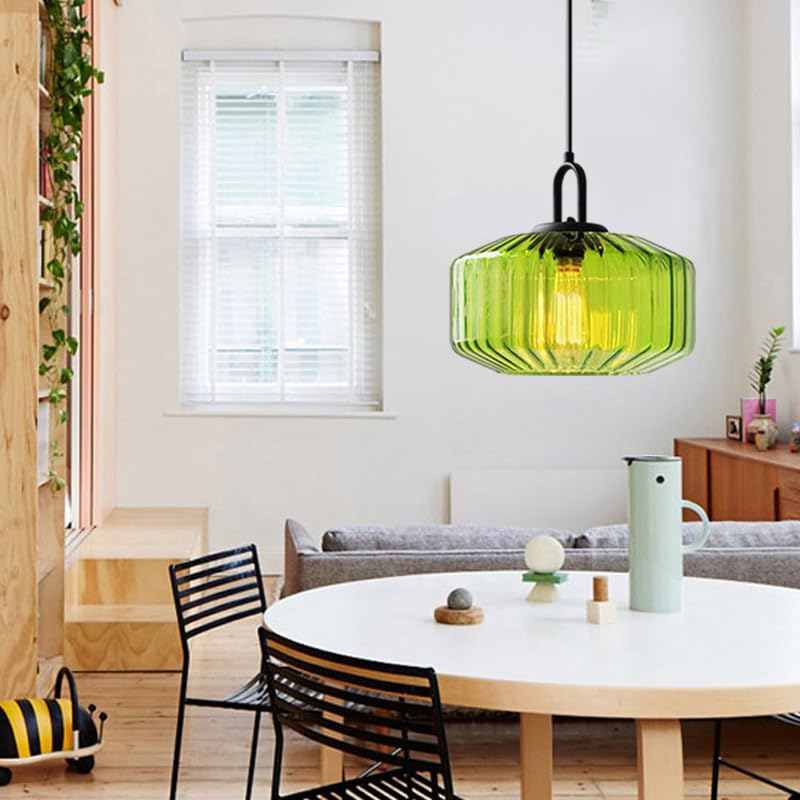 Minda - Mid Century Striped Glass Pendant Light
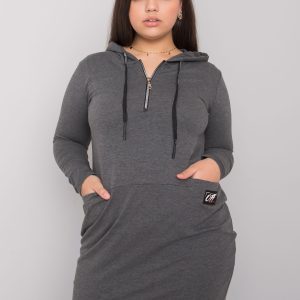 Wholesale Dark Grey Plus Size Cotton Tunic With Kierra Hooded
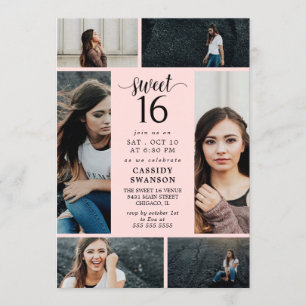 Blush Roze foto Collage Sweet Sixteen Kaart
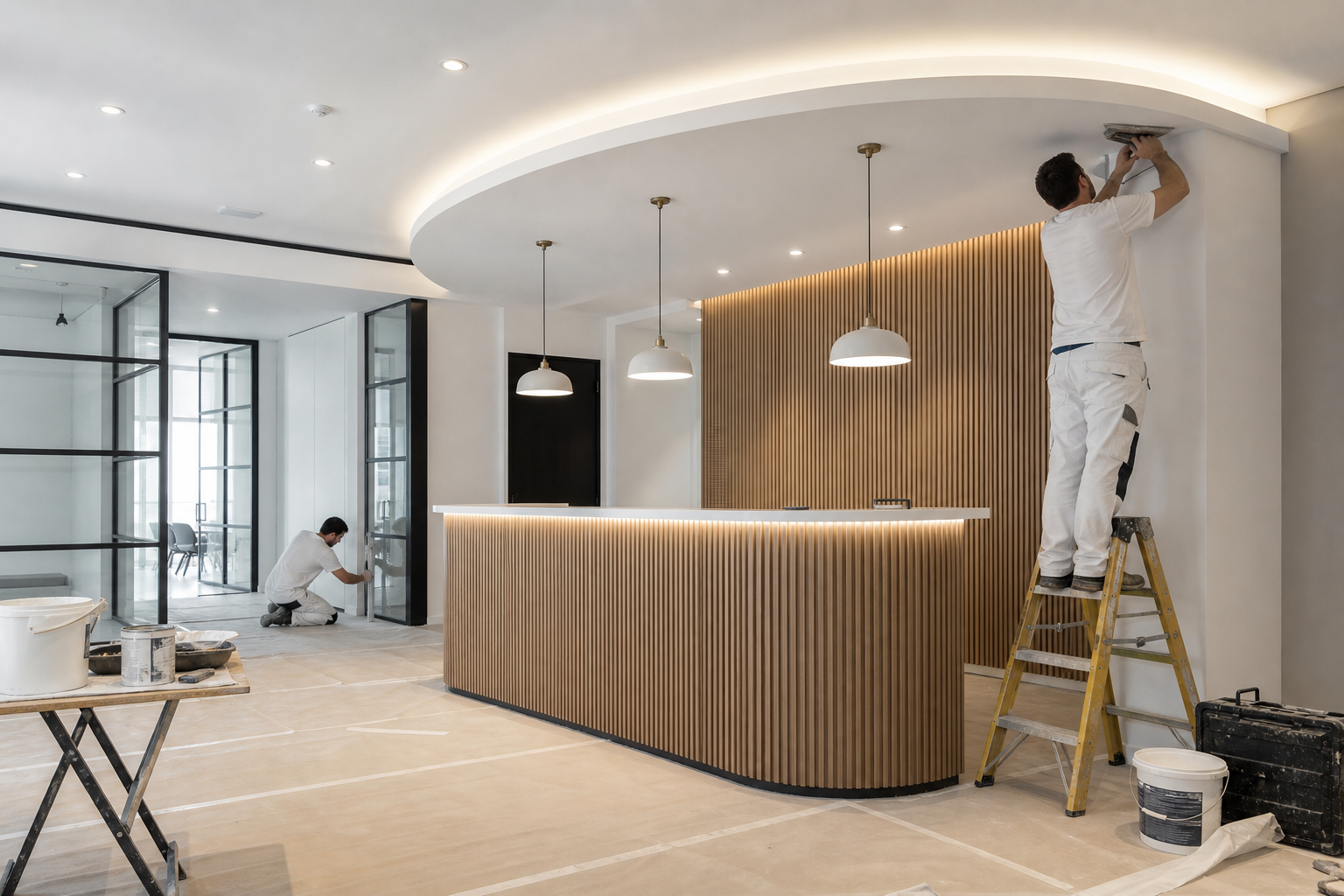 Clean commercial interior renovation scene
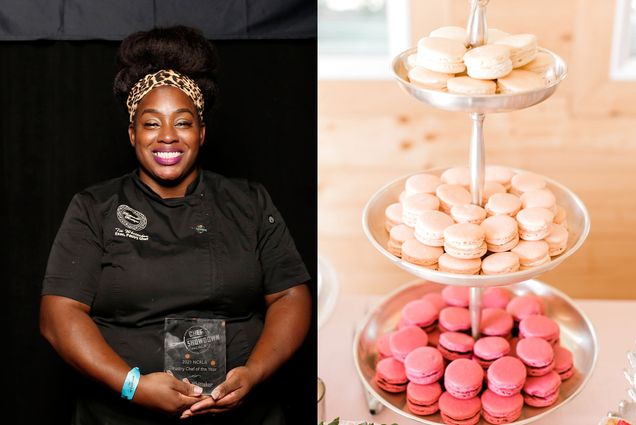 Composite image: at left, Photo of Pastry chef Tie Whittaker (MET’12), owner of dessert company Buttermilk Boutique, holding an award. Whittaker is a young Black woman, wearing a black chef's jacket and cheetah print headband, smiles as she holds the glass award in her hands. At right, a photo of a three-tiered tower of macarons, with bright pink ones in the bottom tier and pale pink ones in the upper two tiers.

····················

**Problem details:**
Your answer must be the entries written out word for word, without their pictures.

**Response area:**
 Minda - Mid Century Striped Glass Pendant Light
 Wholesale Dark Grey Plus Size Cotton Tunic With Kierra Hooded
 Blush Roze foto Collage Sweet Sixteen Kaart
 Clean commercial interior renovation scene
 Composite image: at left, Photo of Pastry chef Tie Whittaker (MET’12), owner of dessert company Buttermilk Boutique, holding an award. Whittaker is a young Black woman, wearing a black chef's jacket and cheetah print headband, smiles as she holds the glass award in her hands. At right, a photo of a three-tiered tower of macarons, with bright pink ones in the bottom tier and pale pink ones in the upper two tiers.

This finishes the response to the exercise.